Re: Festival Circuit 2025

Posted: Wed Oct 01, 2025 11:35 am
by domino harvey
My fiancée stayed at the same hotel as him a couple months ago and she said he and his wife were very nice to her in the elevator when she told him how much she loved Princess Bride (which he was probably not surprised to have someone mention)

Re: Festival Circuit 2025

Posted: Thu Oct 02, 2025 8:38 pm
by hearthesilence
In what's become a massive annoyance this year, quite a few events I looked forward to have been cancelled due to visa issues, and not surprisingly, this has now impacted Jafar Panahi for what would've been his first appearance at Lincoln Center in 25 years.
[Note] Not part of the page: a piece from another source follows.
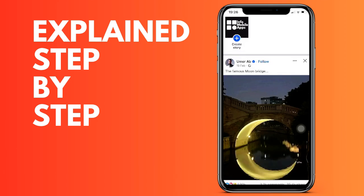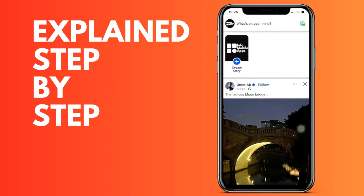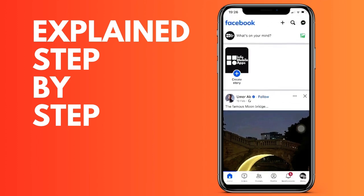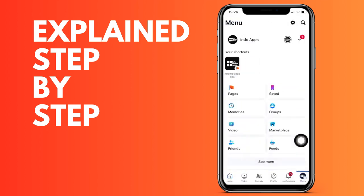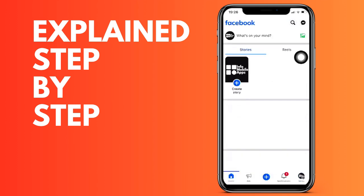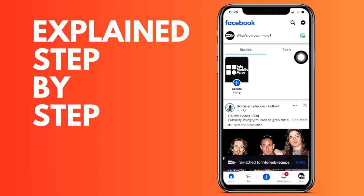This is very simple. First of all, from the Facebook application we use at the bottom, just to the right inside the profile name, we change to our Facebook page. As you can see, a message will appear confirming that we have changed to our Facebook page.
This was easily at the top of my list of events I was looking forward to - given the current dumpster fire running this country and the troubles Panahi faced in his own country, it seemed like a small miracle that he would be appearing at the NYFF. Well, you can stop believing in miracles because if he ever does get his visa, it won't be in time to travel to the festival.

Re: Festival Circuit 2025

Posted: Thu Oct 02, 2025 9:52 pm
by beamish14
hearthesilence wrote: Thu Oct 02, 2025 8:38 pm In what's become a massive annoyance this year, quite a few events I looked forward to have been cancelled due to visa issues, and not surprisingly, this has now impacted Jafar Panahi for what would've been his first appearance at Lincoln Center in 25 years. This was easily at the top of my list of events I was looking forward to - given the current dumpster fire running this country and the troubles Panahi faced in his own country, it seemed like a small miracle that he would be appearing at the NYFF. Well, you can stop believing in miracles because if he ever does get his visa, it won't be in time to travel to the festival.
He’s still scheduled to appear at the American Cinematheque on October 8th

Re: Festival Circuit 2025

Posted: Thu Oct 02, 2025 9:59 pm
by hearthesilence
beamish14 wrote: Thu Oct 02, 2025 9:52 pm
hearthesilence wrote: Thu Oct 02, 2025 8:38 pm In what's become a massive annoyance this year, quite a few events I looked forward to have been cancelled due to visa issues, and not surprisingly, this has now impacted Jafar Panahi for what would've been his first appearance at Lincoln Center in 25 years. This was easily at the top of my list of events I was looking forward to - given the current dumpster fire running this country and the troubles Panahi faced in his own country, it seemed like a small miracle that he would be appearing at the NYFF. Well, you can stop believing in miracles because if he ever does get his visa, it won't be in time to travel to the festival.
He’s still scheduled to appear at the American Cinematheque on October 8th
Variety and the A.V. Club are reporting that the delay is from the government shutdown. He has other appearances scheduled elsewhere too - the Mill Valley and Middleburg film festivals - but I guess we'll see if they happen.

Re: Festival Circuit 2025

Posted: Sat Oct 04, 2025 3:55 pm
by Never Cursed
NYFF secret screening is happening! I got a ticket! The widespread rumor is that it's Marty Supreme. Reviews for whatever it is are embargoed to a date that has not been set, so I doubt it's anything that has played anywhere else before.

Re: Festival Circuit 2025

Posted: Sat Oct 04, 2025 10:11 pm
by hearthesilence
Nice! I think it's been a while since they've had a "secret screening." The only two that come to mind since 2009 are Spielberg's Lincoln (his very first film at the festival, with both Spielberg and Tony Kushner present to discuss it) and Scorsese's Hugo which wasn't even finished and I believe was a bit longer than the released version, so viewers got to see footage that was ultimately cut (albeit with VFX work that was noticeably unfinished). In both cases, there were strong rumors of what it might be, and in both cases those rumors proved correct.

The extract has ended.